#### Task to complete
Return every record verbatim, omitting all pictures.

Dataset entries:

<<<<

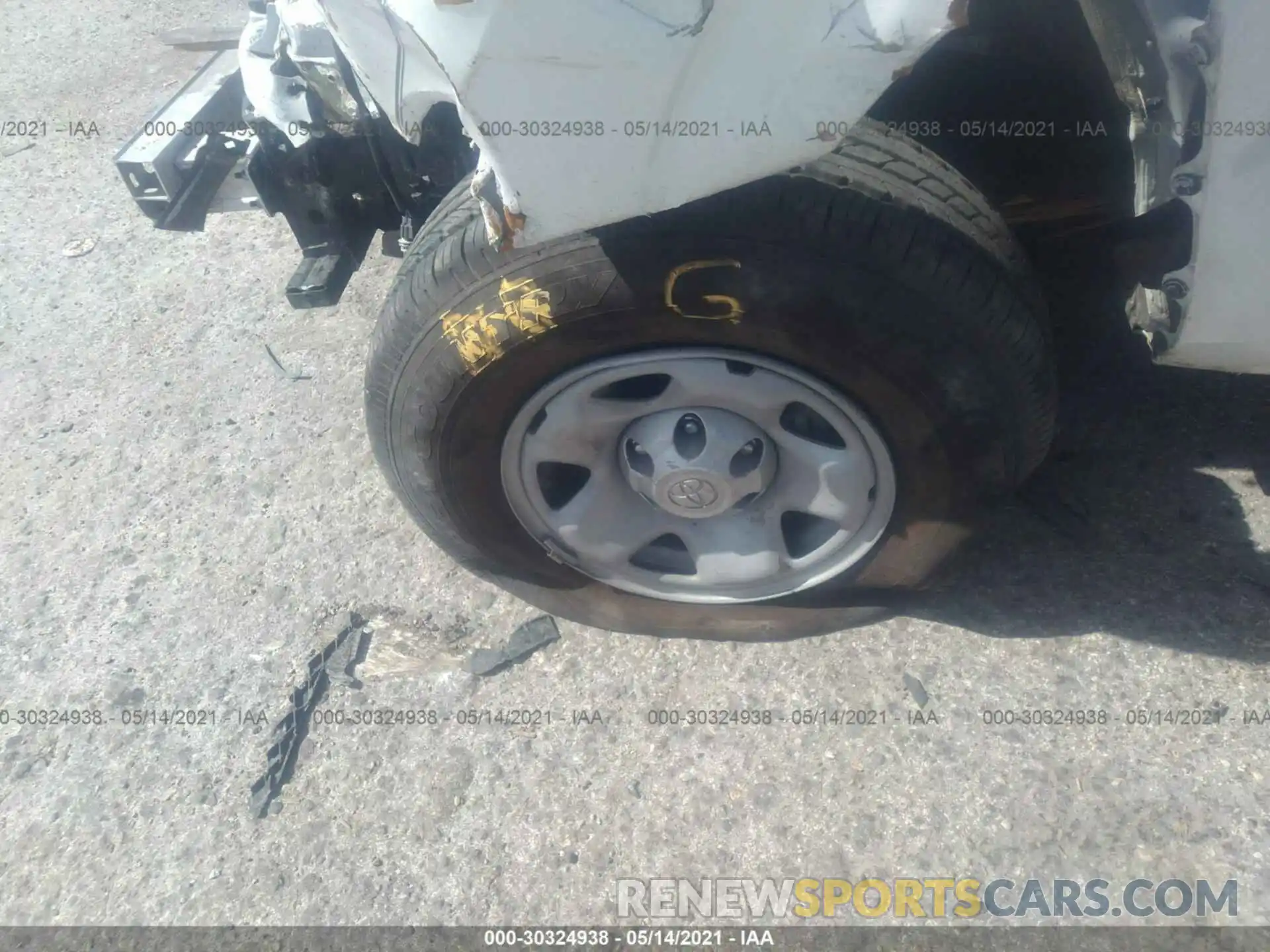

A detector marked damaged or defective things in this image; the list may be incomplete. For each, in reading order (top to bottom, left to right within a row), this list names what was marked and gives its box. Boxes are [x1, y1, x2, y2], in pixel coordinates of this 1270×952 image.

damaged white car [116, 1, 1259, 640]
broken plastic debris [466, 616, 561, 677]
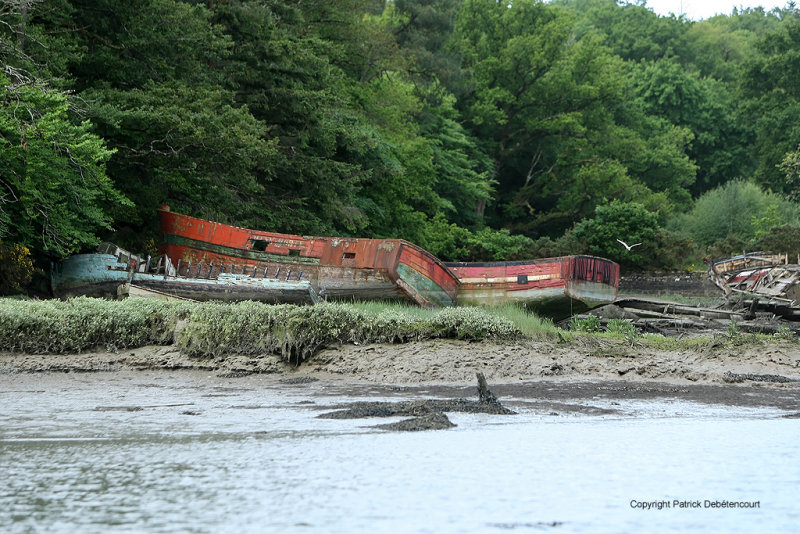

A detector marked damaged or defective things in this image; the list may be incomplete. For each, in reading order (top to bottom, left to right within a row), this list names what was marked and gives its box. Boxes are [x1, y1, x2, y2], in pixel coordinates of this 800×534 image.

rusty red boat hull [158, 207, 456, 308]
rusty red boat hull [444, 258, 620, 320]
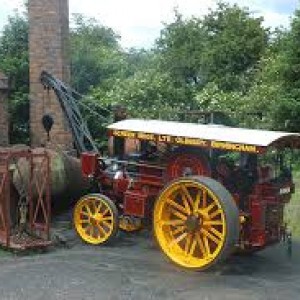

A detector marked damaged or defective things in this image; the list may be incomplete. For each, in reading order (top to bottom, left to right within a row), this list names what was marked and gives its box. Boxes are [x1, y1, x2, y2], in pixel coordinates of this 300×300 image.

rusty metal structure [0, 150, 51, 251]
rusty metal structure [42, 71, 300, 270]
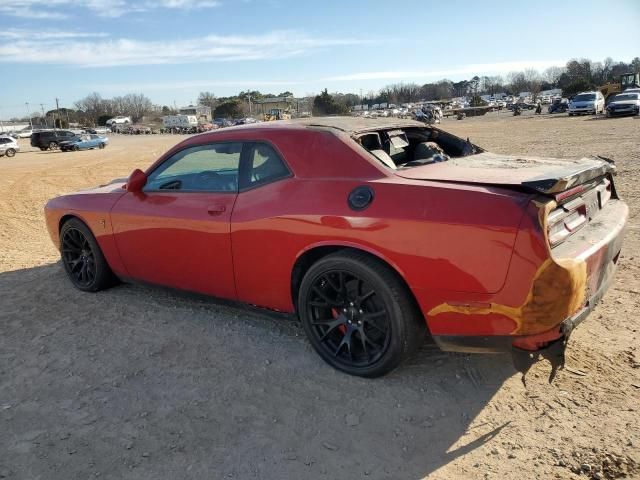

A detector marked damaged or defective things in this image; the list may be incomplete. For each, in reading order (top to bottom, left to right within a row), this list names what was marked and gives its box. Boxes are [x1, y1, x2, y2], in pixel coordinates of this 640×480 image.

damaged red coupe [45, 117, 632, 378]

>>>>

#### Written solution
A detector marked damaged or defective things in this image; the list may be incomplete. For each, in reading order (top to bottom, left to right within a row), this list names what was marked and gives its box. Boxes are [x1, y1, x2, y2], in pixel coordinates of this 1270×952 image.

damaged white car [116, 1, 1259, 640]
broken plastic debris [466, 616, 561, 677]

A detector marked damaged or defective things in this image; the list may be incomplete. For each, in reading order (top to bottom, left to right within a row), this list names what was marked and gives its box. Boxes are [x1, y1, x2, y2], in pixel coordinates of this 800×534 image.

rusty red boat hull [158, 207, 456, 308]
rusty red boat hull [444, 258, 620, 320]

A detector marked damaged or defective things in this image; the list may be incomplete. For each, in reading order (top to bottom, left to right within a row), this list names what was marked and gives its box. Boxes are [x1, y1, x2, y2], in pixel coordinates of this 300×300 image.

rusty metal structure [0, 150, 51, 251]
rusty metal structure [42, 71, 300, 270]

A detector marked damaged or defective things in this image; the list may be incomplete. For each, in reading order (top to bottom, left to right within a row), this list names what was marked and gives its box. Boxes are [x1, y1, x2, y2], in pixel coordinates of this 640×480 image.

damaged red coupe [45, 117, 632, 378]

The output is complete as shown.